*** Opening Recorded data ***
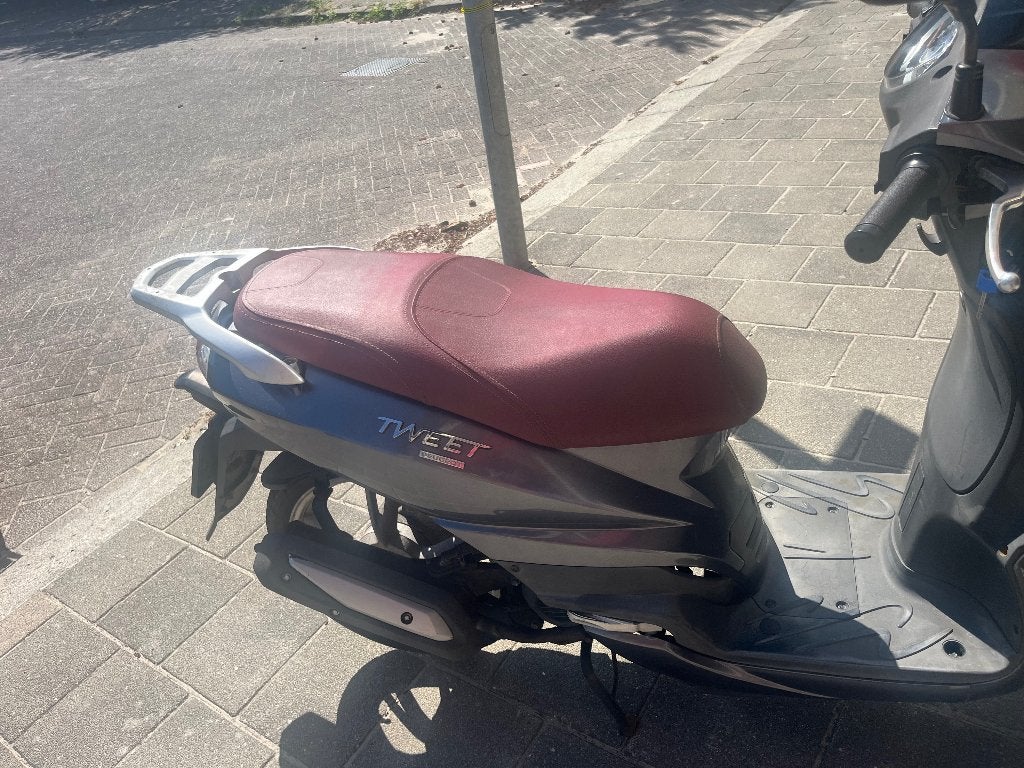 scooter, Ophalen, Overige modellen, Maximaal 45 km/u, 49 cc
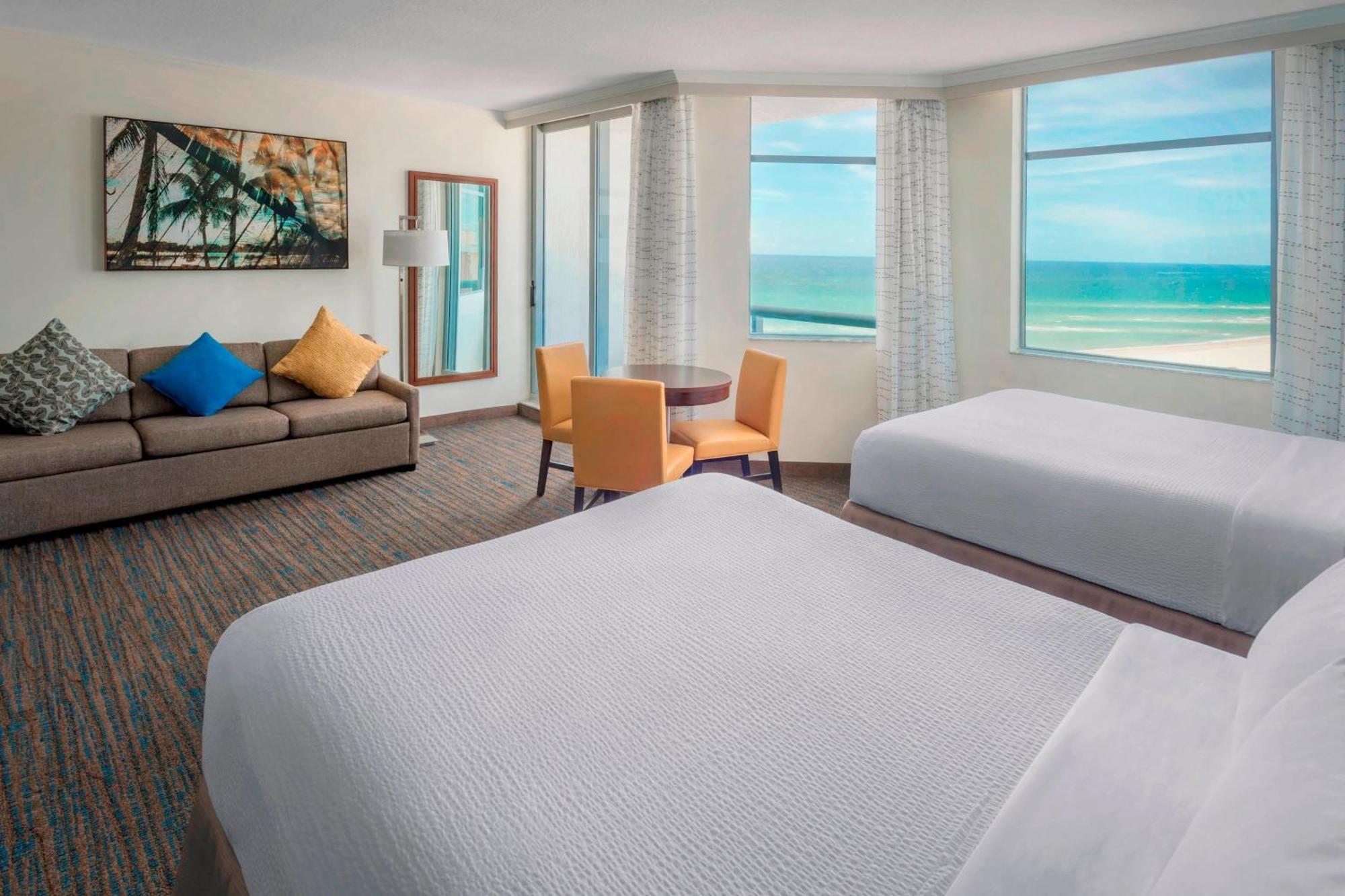 Hotel Lauderdale Pompano Beach/oceanfront 3*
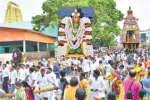 ராமேஸ்வரம் கோயிலில் ஆடித் தேரோட்டம்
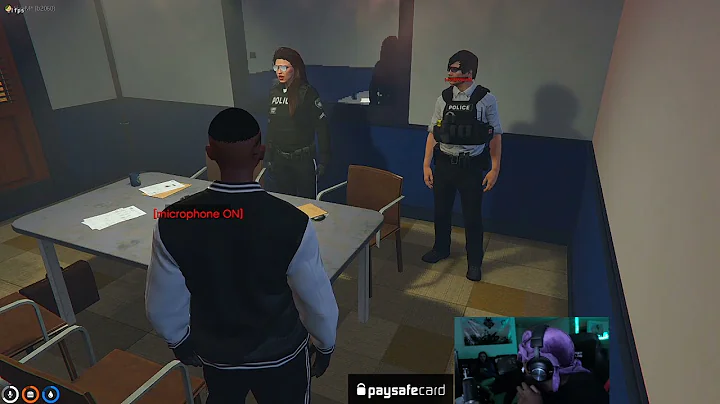 Dean gets roasted by Martell and his GF at the sam...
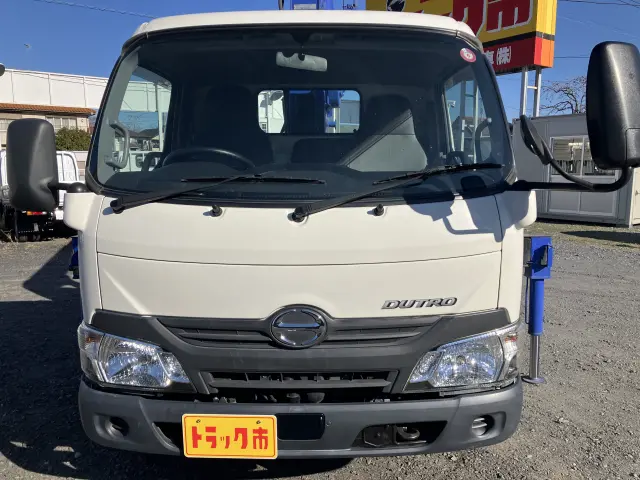 日野 デュトロ TKG-XZU650M(2WD)の写真12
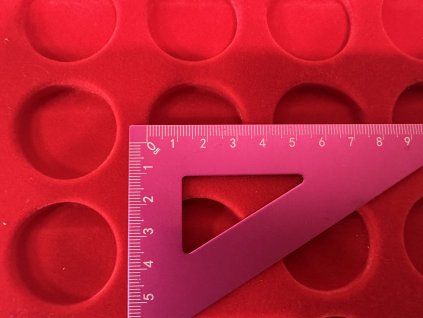 Použité - Stohovatelný šuplík  - Rozměr foto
*** Closing Recorded data ***
- **Work order**
Could the material above be given again in full and exactly, with its pictures left out?

- **Response below**
 scooter, Ophalen, Overige modellen, Maximaal 45 km/u, 49 cc
 Hotel Lauderdale Pompano Beach/oceanfront 3*
 ராமேஸ்வரம் கோயிலில் ஆடித் தேரோட்டம்
 Dean gets roasted by Martell and his GF at the sam...
 日野 デュトロ TKG-XZU650M(2WD)の写真12
 Použité - Stohovatelný šuplík  - Rozměr foto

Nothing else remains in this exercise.